[INFORMATION SHOWN — start]

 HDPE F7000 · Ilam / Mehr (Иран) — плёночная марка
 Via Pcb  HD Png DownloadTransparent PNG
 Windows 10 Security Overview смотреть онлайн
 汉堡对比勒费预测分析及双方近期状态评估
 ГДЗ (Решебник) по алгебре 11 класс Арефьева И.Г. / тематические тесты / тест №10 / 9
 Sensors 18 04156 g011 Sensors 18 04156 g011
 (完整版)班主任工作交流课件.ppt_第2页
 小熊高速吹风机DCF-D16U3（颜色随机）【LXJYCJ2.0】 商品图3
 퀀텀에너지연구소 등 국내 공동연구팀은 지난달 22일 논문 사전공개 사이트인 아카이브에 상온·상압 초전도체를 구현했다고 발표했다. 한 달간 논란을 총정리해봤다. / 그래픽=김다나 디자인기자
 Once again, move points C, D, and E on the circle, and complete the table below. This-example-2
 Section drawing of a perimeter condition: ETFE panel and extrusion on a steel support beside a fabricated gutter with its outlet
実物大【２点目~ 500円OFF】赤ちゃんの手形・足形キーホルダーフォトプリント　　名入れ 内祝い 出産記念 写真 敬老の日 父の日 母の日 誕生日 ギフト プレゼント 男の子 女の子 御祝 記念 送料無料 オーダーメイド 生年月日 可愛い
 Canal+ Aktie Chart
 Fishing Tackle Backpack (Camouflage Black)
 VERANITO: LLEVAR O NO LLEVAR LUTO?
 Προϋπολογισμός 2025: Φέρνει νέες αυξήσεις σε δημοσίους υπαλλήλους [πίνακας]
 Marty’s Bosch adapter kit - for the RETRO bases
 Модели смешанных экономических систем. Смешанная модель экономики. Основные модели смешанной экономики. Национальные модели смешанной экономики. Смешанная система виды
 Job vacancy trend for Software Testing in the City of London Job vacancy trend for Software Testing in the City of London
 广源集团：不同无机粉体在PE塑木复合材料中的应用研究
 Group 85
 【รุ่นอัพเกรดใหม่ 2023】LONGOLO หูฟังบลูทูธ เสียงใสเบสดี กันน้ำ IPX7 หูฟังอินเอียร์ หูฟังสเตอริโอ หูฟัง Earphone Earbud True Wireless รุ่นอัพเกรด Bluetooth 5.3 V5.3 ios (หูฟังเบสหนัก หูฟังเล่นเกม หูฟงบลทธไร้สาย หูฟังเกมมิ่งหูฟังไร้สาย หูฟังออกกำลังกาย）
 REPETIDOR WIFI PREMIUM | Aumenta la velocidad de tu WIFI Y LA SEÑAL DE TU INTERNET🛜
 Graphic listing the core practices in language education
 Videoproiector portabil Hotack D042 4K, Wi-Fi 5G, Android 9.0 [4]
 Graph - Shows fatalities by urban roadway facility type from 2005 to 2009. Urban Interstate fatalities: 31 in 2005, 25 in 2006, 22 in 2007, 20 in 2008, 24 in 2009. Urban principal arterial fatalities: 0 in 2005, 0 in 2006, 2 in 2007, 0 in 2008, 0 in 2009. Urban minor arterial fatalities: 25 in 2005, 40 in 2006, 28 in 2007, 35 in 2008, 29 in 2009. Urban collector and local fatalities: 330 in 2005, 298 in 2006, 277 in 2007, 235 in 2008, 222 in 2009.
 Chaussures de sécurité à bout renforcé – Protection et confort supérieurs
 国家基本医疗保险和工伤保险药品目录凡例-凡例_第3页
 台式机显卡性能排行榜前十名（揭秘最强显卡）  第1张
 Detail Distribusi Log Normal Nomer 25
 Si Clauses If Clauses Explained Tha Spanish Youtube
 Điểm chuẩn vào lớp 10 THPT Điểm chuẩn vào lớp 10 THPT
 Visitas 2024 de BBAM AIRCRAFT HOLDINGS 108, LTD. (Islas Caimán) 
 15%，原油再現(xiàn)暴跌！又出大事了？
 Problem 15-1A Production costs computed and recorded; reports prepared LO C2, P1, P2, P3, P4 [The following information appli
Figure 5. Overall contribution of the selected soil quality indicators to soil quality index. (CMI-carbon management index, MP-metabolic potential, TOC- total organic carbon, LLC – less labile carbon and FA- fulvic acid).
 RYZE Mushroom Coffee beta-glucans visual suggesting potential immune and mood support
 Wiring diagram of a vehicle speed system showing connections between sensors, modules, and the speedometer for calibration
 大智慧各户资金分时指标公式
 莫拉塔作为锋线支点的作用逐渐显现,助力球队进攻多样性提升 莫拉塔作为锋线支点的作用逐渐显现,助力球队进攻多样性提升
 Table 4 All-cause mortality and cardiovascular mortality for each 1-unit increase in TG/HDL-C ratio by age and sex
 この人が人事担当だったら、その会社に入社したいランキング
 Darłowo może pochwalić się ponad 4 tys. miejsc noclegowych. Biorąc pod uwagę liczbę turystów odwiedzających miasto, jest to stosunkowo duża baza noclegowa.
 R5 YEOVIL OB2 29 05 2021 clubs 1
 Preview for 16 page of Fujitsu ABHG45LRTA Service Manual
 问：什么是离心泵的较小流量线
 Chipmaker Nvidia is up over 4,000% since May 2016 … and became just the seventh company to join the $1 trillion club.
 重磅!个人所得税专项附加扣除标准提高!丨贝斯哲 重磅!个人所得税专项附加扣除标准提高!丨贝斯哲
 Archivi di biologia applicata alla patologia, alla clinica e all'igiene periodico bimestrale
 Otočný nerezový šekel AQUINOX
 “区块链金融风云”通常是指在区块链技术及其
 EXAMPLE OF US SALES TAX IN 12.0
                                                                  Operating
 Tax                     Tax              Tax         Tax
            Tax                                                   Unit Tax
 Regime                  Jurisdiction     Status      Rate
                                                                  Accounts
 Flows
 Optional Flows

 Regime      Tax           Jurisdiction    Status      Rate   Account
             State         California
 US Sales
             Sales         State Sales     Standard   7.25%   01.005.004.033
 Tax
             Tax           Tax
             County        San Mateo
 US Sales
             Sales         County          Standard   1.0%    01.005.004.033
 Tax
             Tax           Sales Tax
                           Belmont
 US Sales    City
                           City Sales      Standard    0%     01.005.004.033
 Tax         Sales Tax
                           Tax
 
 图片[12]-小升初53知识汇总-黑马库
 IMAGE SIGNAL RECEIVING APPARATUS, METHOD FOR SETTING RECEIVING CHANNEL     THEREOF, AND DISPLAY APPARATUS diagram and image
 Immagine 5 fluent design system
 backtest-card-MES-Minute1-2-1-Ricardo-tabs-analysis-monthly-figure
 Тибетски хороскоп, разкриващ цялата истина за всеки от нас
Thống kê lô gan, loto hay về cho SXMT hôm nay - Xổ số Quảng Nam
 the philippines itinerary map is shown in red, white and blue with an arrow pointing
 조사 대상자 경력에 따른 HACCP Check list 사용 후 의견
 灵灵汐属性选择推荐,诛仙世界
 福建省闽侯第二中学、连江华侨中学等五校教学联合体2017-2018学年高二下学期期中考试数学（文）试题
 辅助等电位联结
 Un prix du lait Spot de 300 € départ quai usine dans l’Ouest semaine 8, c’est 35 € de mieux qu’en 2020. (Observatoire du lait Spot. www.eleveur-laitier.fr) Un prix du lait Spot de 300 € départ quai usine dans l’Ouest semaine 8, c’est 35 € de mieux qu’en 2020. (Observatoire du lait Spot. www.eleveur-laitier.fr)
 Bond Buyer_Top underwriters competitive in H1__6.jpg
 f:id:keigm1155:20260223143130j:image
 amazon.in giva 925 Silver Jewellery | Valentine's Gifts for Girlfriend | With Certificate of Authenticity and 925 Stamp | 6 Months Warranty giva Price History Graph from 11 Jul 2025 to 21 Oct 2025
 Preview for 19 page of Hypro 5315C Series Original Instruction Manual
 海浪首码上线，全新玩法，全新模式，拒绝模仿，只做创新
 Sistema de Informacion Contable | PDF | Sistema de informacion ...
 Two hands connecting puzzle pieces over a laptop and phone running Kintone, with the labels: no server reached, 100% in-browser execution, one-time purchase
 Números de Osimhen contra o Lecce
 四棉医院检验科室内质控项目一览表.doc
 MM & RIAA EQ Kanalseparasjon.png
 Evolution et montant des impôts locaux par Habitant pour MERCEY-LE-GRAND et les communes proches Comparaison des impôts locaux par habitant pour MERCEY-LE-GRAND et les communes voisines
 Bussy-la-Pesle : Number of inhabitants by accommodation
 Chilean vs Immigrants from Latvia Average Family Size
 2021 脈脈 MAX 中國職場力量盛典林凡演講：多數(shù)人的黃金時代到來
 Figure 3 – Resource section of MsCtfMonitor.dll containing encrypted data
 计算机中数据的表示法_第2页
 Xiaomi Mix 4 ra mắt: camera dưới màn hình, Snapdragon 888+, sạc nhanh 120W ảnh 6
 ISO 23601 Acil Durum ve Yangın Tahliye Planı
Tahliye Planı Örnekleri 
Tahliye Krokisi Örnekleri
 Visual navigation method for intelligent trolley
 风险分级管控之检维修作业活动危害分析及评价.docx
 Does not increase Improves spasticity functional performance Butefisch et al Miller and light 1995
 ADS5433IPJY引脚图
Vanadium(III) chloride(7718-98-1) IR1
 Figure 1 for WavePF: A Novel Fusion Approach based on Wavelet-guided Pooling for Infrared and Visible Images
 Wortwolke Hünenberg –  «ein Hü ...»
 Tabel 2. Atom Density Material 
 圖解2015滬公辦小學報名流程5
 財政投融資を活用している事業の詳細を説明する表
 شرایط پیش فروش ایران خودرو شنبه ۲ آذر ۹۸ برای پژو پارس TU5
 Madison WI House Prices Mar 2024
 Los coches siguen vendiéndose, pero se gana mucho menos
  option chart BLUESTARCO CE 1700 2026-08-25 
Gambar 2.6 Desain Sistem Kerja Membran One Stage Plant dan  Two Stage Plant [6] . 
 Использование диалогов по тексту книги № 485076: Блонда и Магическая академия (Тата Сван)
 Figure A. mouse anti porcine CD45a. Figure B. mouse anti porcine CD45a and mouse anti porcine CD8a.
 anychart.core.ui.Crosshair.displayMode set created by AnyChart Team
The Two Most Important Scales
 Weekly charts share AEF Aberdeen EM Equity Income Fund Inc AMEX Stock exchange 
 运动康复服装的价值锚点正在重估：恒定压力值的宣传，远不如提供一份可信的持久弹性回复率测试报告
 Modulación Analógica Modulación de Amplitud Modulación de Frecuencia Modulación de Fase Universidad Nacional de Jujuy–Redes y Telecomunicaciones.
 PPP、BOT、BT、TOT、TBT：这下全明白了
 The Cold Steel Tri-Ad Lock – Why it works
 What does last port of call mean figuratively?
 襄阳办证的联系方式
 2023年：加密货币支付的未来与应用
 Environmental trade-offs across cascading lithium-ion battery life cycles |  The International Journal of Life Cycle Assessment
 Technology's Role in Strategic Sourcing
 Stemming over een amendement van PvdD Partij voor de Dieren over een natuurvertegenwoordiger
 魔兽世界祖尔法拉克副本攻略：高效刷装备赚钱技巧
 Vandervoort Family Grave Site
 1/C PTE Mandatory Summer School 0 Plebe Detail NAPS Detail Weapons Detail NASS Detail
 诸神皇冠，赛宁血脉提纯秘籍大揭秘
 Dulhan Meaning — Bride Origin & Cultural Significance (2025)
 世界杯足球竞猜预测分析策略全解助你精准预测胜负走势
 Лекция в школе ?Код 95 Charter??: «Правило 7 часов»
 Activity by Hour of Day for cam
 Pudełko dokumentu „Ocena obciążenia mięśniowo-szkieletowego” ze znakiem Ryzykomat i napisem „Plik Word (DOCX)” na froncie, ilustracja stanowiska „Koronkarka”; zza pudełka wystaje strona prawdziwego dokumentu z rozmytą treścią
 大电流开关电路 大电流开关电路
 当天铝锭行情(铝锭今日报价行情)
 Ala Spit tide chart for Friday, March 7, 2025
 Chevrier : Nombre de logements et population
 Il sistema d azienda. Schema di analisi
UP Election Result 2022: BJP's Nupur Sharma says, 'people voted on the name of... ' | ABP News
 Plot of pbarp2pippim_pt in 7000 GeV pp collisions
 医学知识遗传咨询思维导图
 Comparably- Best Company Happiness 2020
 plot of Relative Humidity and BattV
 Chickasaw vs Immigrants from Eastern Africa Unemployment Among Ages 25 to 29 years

[INFORMATION SHOWN — finish]

**WORK TASK**:
The response must consist of the lines above, from the first one through the line containing "Fishing Tackle Backpack (Camouflage Black)", reproduced exactly.

**ANSWER TO THE EXERCISE**:
 HDPE F7000 · Ilam / Mehr (Иран) — плёночная марка
 Via Pcb  HD Png DownloadTransparent PNG
 Windows 10 Security Overview смотреть онлайн
 汉堡对比勒费预测分析及双方近期状态评估
 ГДЗ (Решебник) по алгебре 11 класс Арефьева И.Г. / тематические тесты / тест №10 / 9
 Sensors 18 04156 g011 Sensors 18 04156 g011
 (完整版)班主任工作交流课件.ppt_第2页
 小熊高速吹风机DCF-D16U3（颜色随机）【LXJYCJ2.0】 商品图3
 퀀텀에너지연구소 등 국내 공동연구팀은 지난달 22일 논문 사전공개 사이트인 아카이브에 상온·상압 초전도체를 구현했다고 발표했다. 한 달간 논란을 총정리해봤다. / 그래픽=김다나 디자인기자
 Once again, move points C, D, and E on the circle, and complete the table below. This-example-2
 Section drawing of a perimeter condition: ETFE panel and extrusion on a steel support beside a fabricated gutter with its outlet
実物大【２点目~ 500円OFF】赤ちゃんの手形・足形キーホルダーフォトプリント　　名入れ 内祝い 出産記念 写真 敬老の日 父の日 母の日 誕生日 ギフト プレゼント 男の子 女の子 御祝 記念 送料無料 オーダーメイド 生年月日 可愛い
 Canal+ Aktie Chart
 Fishing Tackle Backpack (Camouflage Black)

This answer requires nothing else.